剑芒隐而不露,摇摇指住白颐辕:“问问你身边那个只会惹祸的棒槌,知不知道,这里面有我男人?”
韩熙嘿嘿冷笑,眉间微动,龙形长枪出现:“告诉你,白颐辕,今天你逃不过!”
“他们几个要是毫发无伤一切好说,要是少了半根头发,老子将你白云城在西玄山下出名!”
韩熙本来就是凶名赫赫的人。
来修界天天藏在委羽山云海中,跟着叶三娘偷袭暗杀天家中人无所不用其极,一身凶气煞气,早已宛若实质。
此时见韩鸩等人不得已用周天星斗大阵自保,韩熙怎么可能不动怒?
--自己这个儿子在秦域楚域齐域横行一时,来修界不过是第二天就被人逼到如此境地。
韩熙没有现在就一枪将白云城主白颐辕捅个透明窟窿,已经算是他压住了心头怒火。
听见叶三娘诡伊与韩熙三人的话,白颐远脸色越来越难看。
他终于想起了这个用龙形长枪元神器的男人是谁。
最近修界中声名鹊起,一直跟叶三娘诡伊对抗委羽山的那个男人。
白颐辕反手一巴掌抽在自己儿子脸上:“混蛋!你特么到底得罪了什么人?!不是说是刚刚来北峰的土包子乡巴佬吗?!”
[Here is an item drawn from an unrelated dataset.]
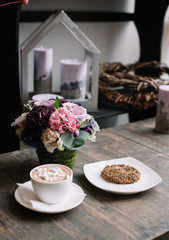 Delicious hot chocolate in a ceramic tea cup with sweet cookies and flower arrangement on the rustic wooden table background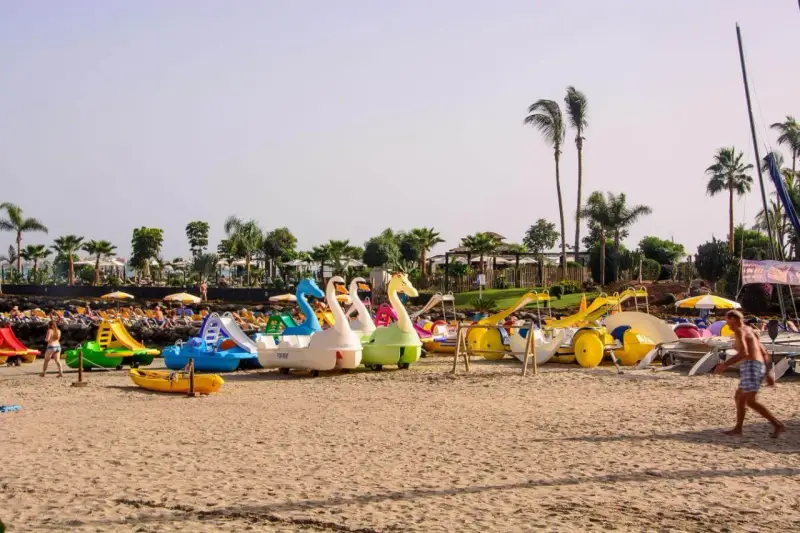 Diversión en Gran Canaria con niños: barcas de pedales con forma de cisne y toboganes esperan en la playa para un día inolvidable.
“爹!我不知道啊!我真的不知道!他们,他们连灵酒灵肴都没吃过喝过,连单都买不起,我怎么知道他们中会有三娘前辈的儿子……”白二公子捂着脸欲哭无泪,要是早知道里面有叶三娘与韩熙的亲人,就算杀了他的头,他也不敢对九凤与柳非烟动心思……
忽然,白二棒槌脸色骤变,叶三娘生的当然好看,诡伊也不错,她们两个儿子与男人,不会就是自己看中的那两个吧?
要是那样的话,他不死都要脱层皮,双膝一软,坐在地上。
“叶三娘,诡伊,韩熙的亲人这是土包子?那你是什么?!”白颐辕恨得胸膛起伏不定。
揍过自己儿子,白颐辕转身朝叶三娘三人连连陪笑道:“几位,误会,误会,都是小儿年轻不懂事,得罪了。我改日装成备上厚礼,带着这小王八蛋去蓬莱三山负荆请罪。”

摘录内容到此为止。